Il titolo e l’idea che muove l’album deriverebbero, fidandosi delle parole dello stesso Pharrell, dalla volontà di fare ammenda dopo che il suo nome è rimasto associato a due delle tracce più sessiste e tragicamente famose dell’anno scorso, Blurred Lines e Get Lucky, che avevano infiammato più di qualche polemica per il loro contenuto maschilista. Per questo è inaccettabile che Pharrell, nonostante le affermazioni e le belle parole, perseguiti sugli stessi toni, anzi li aggravi. Non soltanto non è certo possibile ritenere celebrazione del sesso femminile l’espressione dell’attrattiva sessuale da esso esercitata sul maschio e di quanto questo muoia dall’impellente desiderio di copula, che è a bene vedere l’unico tema dell’album, ma è semplicemente terrificante il messaggio che traspare da Hunter, traccia dagli inammissibili toni predatori e vagamente spirante aria di stupro, ove le donne, prede di conquista maschile, sono paragonate ad animali imbalsamati disposti a mo’ di collezione sulle pareti: Just because it’s the middle of the night, / That don’t mean I won’t hunt you down. / If I can’t have you, nobody can; / That’s the animal speaking who’s going to hunt you down. E si ode ansimare Pharrell alla maniera dei cani assetati.

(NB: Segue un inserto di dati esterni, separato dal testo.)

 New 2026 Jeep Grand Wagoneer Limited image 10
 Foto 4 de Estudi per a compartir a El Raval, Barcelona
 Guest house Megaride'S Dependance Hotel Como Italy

Dal punto di vista più musicale l’album è ugualmente terribile, risultando un incrocio tra Random Access Memories e The 20/20 Experience incentrato pesantemente sui motivi dell’R&B più noioso e della disco più insulsa, nella speranza di innalzarsi al vertice della classifica sull’esempio di quei modelli. E non v’è da aggiungere altro, perché pochissimo è stato più noioso, passatista e inoffensivo di questo disco privo di inventiva e di tutti guizzi, della pur minima favilla che possa destare l’attenzione. Non di certo l’introduzione cinematografica della traccia d’apertura, Marilyn Monroe, in cui la famosa attrice viene associata senza logica, in perfetto stile americano, alle figure lontane di Cleopatra e Giovanna d’Arco, o le piacionerie diffuse, come quelle che hanno fatto dell’irritante Happy un inevitabile successo.

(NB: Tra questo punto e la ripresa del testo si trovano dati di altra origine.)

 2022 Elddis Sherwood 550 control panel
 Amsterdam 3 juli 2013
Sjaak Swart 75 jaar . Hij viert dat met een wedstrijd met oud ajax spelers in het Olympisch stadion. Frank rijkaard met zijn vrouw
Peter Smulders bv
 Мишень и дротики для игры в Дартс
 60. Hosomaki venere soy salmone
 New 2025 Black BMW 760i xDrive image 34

 Su tutto, è immensamente triste che questa musica insulsa sia considerata il mezzo giusto per lanciare verso la fama un musicista rimasto lungo tempo nell’ombra come Pharrell, una volta celebrato come genio e ora ridottosi a scimmiottare, cantante inetto, Justin Timberlake che si finge Michael Jackson, dal quale Justin, quando questi compare svogliato come in Brand New, risulta del tutto indistinguibile. Perché gli ospiti, di per sé poco esaltanti e affatto prevedibili nel solito gioco di favori reciproci, nella solita girandola di apparizioni incrociate stabilite a tavolino, non riscattano in nulla la desolazione del disco. In Gust of Wind compaiono i Daft Punk, che devono di certo provare una soddisfazione immensa nell’essere ormai ridotti dal sentire comune all’associazione con il vocoder – ecco il loro grande lascito! –; in Come Get It Bae, dallo sconcertante titolo  “al passo coi tempi” come alcuni suoi versi (Take it easy on the clutch, cause, girl, I like you su tutti), non poteva non comparire Miley Cyrus. In Know Who You Are diffonde sopore Alicia Keys non diversamente dal solito; JoJo si trova ridotta a pura parvenza spettrale nella traccia fantasma Freq.

Non riuscendo a figurarmi in alcun modo che cosa significhi sentirsi come una stanza senza un tetto, mi fa perdere ogni residua speranza nel genere umano il solo pensiero che qualcuno possa avere alta considerazione o quantomeno piacere di tale raccapricciante nullità.